The Locals first and always include investors who bring in millions of $, even their representatives need to get their names and details published in newspaper before a pass issued.

If you do online work and keep quite about it - i.e. keep your room locked at all time and don't even tell your relatives - you may do ok. A few expats calling themselves Digital Nomads do work out of PH. But, never ever engage any local and let them know you are workig without a pass - it will be your end.

In fact, a few 'volunteer teachers' and such were deported for depriving the locals of jobs - all of that you can surmount if you change your passport to Philippine Passport - they can't deport you 

And / or a dual citizen - you are automatically entitled to commit crimes and break laws if you have a PH passport.


----------



## Gary D (Oct 28, 2013)

simonsays said:


> +1
> 
> The Locals first and always include investors who bring in millions of $, even their representatives need to get their names and details published in newspaper before a pass issued.
> 
> ...


If you are on a residents visa working from home would be no problem, just start your business with your wife then there will be no restrictions on what you do. As for teaching in a class, it's hard work for about 15k per month.


----------



## jdavis10 (Oct 1, 2012)

Working online is not against the law in the PH.... Lot of companies hire this way especially for teaching english which is a good business platform here in PH and in SE ASIA. (RAREJOB, UNHOOP, Couple Others). If it is a local job I am traveling too yes that is illegal. On the internet however is not taking any pinoy jobs so it does not cause a problem with the law. Thats the truth. I been living in PH 3 yrs.


My question is what would yall prefer to do... Work in a classroom in China or Vietnam? or teach english on the computer. If I stay working online I would like an office environment with a chair and stuff. Currently I am only renting a room






simonsays said:


> +1
> 
> The Locals first and always include investors who bring in millions of $, even their representatives need to get their names and details published in newspaper before a pass issued.
> 
> ...


----------



## Gary D (Oct 28, 2013)

jdavis10 said:


> Working online is not against the law in the PH....


So why are the government offering rewards to citizens that inform on foreigners who are running internet businesses that are not registered.


----------



## Dameon34 (Apr 29, 2014)

Gary D said:


> So why are the government offering rewards to citizens that inform on foreigners who are running internet businesses that are not registered.


Wow, news to me, could you post a link on this, or provide more information please, as I am considering a digital nomad life, and basing myself in the Philippines. 
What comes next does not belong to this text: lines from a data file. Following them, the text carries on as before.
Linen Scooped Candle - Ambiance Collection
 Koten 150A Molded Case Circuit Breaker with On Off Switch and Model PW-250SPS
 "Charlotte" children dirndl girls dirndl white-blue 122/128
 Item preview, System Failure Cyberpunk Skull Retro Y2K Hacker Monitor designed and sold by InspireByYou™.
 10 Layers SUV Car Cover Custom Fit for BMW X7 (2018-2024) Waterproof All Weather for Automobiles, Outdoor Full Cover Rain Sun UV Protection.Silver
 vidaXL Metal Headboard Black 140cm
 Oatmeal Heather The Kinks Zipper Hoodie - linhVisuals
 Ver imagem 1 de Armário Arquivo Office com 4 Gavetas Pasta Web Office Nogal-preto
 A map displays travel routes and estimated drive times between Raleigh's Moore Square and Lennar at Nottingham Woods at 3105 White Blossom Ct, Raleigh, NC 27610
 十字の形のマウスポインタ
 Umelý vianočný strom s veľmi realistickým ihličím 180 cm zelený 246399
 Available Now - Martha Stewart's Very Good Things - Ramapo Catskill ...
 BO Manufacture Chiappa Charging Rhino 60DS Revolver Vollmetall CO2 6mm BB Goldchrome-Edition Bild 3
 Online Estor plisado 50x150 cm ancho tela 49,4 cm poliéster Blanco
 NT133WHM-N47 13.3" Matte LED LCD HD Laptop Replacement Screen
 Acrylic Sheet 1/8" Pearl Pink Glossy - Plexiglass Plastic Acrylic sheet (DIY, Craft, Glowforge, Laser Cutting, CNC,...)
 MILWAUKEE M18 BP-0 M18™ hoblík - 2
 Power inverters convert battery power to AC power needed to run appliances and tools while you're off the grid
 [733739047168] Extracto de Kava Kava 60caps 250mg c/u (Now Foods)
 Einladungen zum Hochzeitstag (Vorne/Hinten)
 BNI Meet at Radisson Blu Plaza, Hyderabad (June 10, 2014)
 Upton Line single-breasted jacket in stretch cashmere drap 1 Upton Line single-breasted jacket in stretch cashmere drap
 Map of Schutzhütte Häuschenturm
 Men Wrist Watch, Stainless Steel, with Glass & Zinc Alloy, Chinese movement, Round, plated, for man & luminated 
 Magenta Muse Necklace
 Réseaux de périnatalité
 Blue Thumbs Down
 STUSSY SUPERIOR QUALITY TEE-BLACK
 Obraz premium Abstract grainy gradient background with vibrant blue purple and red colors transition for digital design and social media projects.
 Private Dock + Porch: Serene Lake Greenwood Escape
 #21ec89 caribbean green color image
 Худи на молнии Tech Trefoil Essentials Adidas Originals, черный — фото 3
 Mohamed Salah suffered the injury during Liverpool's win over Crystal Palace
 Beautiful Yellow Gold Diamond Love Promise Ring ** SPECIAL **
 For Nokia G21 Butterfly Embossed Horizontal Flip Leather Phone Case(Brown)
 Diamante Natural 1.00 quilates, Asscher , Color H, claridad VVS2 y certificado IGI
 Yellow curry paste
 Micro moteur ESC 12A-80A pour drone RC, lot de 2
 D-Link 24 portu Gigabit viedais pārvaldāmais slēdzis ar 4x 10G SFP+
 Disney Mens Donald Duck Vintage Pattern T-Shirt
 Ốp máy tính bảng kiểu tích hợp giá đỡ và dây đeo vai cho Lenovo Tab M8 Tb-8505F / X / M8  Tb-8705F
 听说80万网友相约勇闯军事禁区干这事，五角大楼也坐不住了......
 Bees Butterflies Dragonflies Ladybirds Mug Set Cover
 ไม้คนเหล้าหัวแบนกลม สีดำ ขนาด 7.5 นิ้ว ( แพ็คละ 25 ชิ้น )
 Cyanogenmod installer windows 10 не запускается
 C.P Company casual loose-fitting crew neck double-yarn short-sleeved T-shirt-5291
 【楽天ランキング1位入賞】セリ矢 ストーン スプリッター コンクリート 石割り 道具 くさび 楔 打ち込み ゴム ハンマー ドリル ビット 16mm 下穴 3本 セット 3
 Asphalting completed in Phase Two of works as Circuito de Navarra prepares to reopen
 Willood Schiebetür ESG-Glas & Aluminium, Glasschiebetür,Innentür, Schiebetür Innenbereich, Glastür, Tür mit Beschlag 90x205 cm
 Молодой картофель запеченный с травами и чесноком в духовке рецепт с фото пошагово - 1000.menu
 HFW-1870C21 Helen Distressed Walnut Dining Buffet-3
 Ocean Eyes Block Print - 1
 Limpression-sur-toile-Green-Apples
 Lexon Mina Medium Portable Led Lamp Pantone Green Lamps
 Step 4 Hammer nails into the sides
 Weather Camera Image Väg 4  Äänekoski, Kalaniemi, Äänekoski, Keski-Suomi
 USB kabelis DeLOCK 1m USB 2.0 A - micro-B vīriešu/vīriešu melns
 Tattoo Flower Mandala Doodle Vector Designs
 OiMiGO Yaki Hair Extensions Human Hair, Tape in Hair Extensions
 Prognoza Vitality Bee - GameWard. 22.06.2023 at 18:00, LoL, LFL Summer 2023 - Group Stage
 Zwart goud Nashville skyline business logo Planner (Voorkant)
Asked this in another thread, no real response, how do all the foreigner bar managers work their visa status ? Work illegally and hope for the best ? Was offered a job as manager in a hotel on my last trip, and may do it down the line, just wondering how others swing it. 

Getting a legal work permit. I frequently saw in the Philippine Star business section, lists from Philippine Immigration of foreigners, name, company, nationality , job description, for people and companies applying to get work permits in the Philippines. Covered all areas, from customer service to advanced technical fields. Any thoughts on this ? 

Cheers!


----------



## Gary D (Oct 28, 2013)

Dameon34 said:


> Wow, news to me, could you post a link on this, or provide more information please, as I am considering a digital nomad life, and basing myself in the Philippines.
> 
> Asked this in another thread, no real response, how do all the foreigner bar managers work their visa status ? Work illegally and hope for the best ? Was offered a job as manager in a hotel on my last trip, and may do it down the line, just wondering how others swing it.
> 
> ...


There was an article in a Philippine news paper a few weeks back and as it didn't apply to me I didn't think to keep a link. I would suggest that most if not all foreign bar owners are married to filipinas so technically they own the business, the filipina that is. Again if you are married to a filipina being a digital nomad is no problem as she will own the company. The one's that are not just keep below the radar, it is best if all of your incame is made abroad, it's when you start making money in country that the problems ramp up. From what I recall of this article the government was setting up a scheme similar to the one for grassing up overstayers for a reward, so it only will take a greedy suspicious neighbour to cause massive grief.

One word of advice about work permits. It is employer that sources it and they can be expensive and time consuming. It's not uncommon for an employer to string along a foreign worker who only finds out just as they are deported.


----------



## Dameon34 (Apr 29, 2014)

Thanks Gary D. Yes, I remember seeing here a picture of a reward poster for people snitching out foreigners who overstayed their visas. Serious motivation for someone to turn your world upside down if you don't have all the i's dotted and t's crossed. 

In intial planning phase of things, thanks for the info ! 

Cheers !


----------



## simonsays (Feb 11, 2009)

jdavis10 said:


> On the internet however is not taking any pinoy jobs so it does not cause a problem with the law. Thats the truth. I been living in PH 3 yrs.


No offense to you or any filipino who may be snooping here, you really believe that part about "not taking any pinoy job" ?????



Gary D said:


> So why are the government offering rewards to citizens that inform on foreigners who are running internet businesses that are not registered.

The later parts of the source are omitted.